The difference between raw and embstr is, raw need to apply twice the memory, embstr only once

2. The list of objects

Or it may be a list of objects ziplist linkedlist
If the length of the list elements are less than 64 bytes, but less than the number of elements 512, will be used ziplist, otherwise the linkedlist

3. hash object

Hash object may be ziplist hashtable or
if the length of the key value are less than 64 bytes, but the number of key-value pairs is less than 512, will be used ziplist, otherwise the linkedlist

4. Collection Object

It can be intset or hashtable

When the elements are integer values no more than 512 elements, IntSet used, otherwise the hashtable

5. ordered set

Or data structure may be ziplist skiplist
when the element is less than 128, and the element length is less than 64 bytes, ziplist used, otherwise the skiplist.

6. garbage collection

redis reference counter used to implement the memory recovery

Each object has a property int refcount to record the number of times referenced.
In the business end,

Every reference to the object, you need to call incrRefCount function object, use object references plus a calculation,
Every time the object is not referenced, the object decrRefCount need to call function to make the properties refcount is decremented by 1, if the reference count is less than 1, the memory will be recovered.

7. Object Sharing

Digital 0-9999, these strings target values will be created when it redis start and then shared.

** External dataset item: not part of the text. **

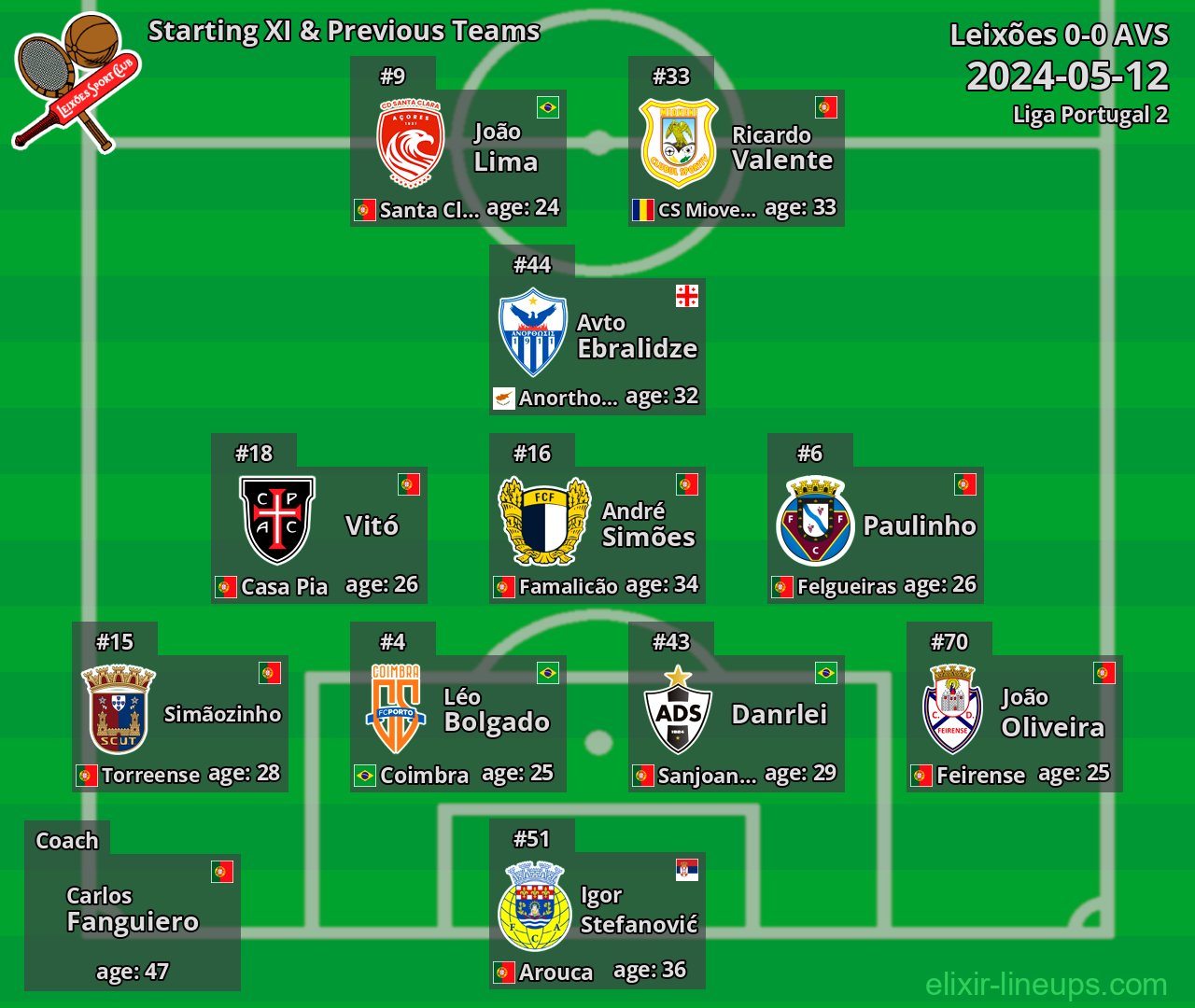 Leixões Starting XI & Previous Teams 2024-05-12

Why not share other values, because if you want to share other values, to create each time, there is to see this object in memory has no value, the query efficiency is very low.

8. Long idling object

Each object has attribute unsigned lru: 22 ;, the time for recording the object was last accessed

By object idletimecommand, you can view a key length of idle time, in fact, the current timestamp minus lru.
When redis reclaim memory, and when the recovery algorithm is volatile-lru or allkeys-lru, priority key length longer recovered during idling.